Melanie Unsleber, Manager at Simon-Kucher & Partners spoke at AutosBuzz about value-to-customer modelling and how to create a simple approach to boost ARPA.

The first question dealers need to ask is how much value do you deliver to the customers and do you have data to prove it?

We want to give transparency to dealers, but if platforms don’t know this information, how can they be sure?

It’s important because customers don’t buy products for themselves but for the value and benefits they get from the products.

Most platforms have little connection between price and value. It is a misalignment of value and price to leads and increases the churn rate.

If they pay too much for the value you deliver they will leave.

So, what is the solution?

“Marketplaces and platforms need to calculate the value they give to dealer,” said Unsleber.

“Leads are just a number. The value comes from expected commission levels. The good news is that it can be easily valued approximately.

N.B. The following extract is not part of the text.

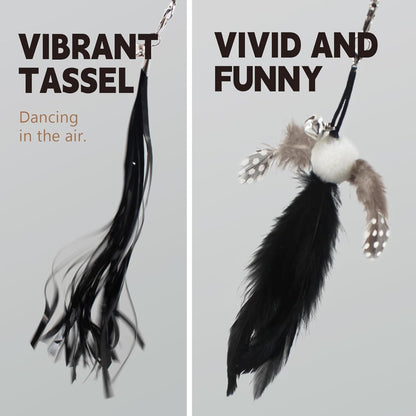 SONGWAY Cat Wand Toys for Indoor Cats - Cat Toy Set with Retractable Teaser Wand and 6 PCS Feather Toy Refills, Dragonfly Tassel Cat Toys Interactive, Black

“We can calculate how many they sold, the average prices and the dealer margin to get the commission levels and price to value ratio.

“If they have to pay high prices for the value they get they may leave.”

A low price to value ratio brings opportunities and ways to monetise.

“We can find out the price to value ratio and present it to them, so dealers can see what they get in return,” she said.

The service integrates price to value ratios into dashboards and is used for price adjustments and sales initiatives, providing information on which customers to talk to and what products to offer them.

“It can be used as an input for many decisions. This means we can decrease prices for customers who are considering leaving and harmonize the price to value ratio, decrease churn rate and increase revenue,” said Unsleber.

“We can also increase prices if they are already getting a lot of value from the platform.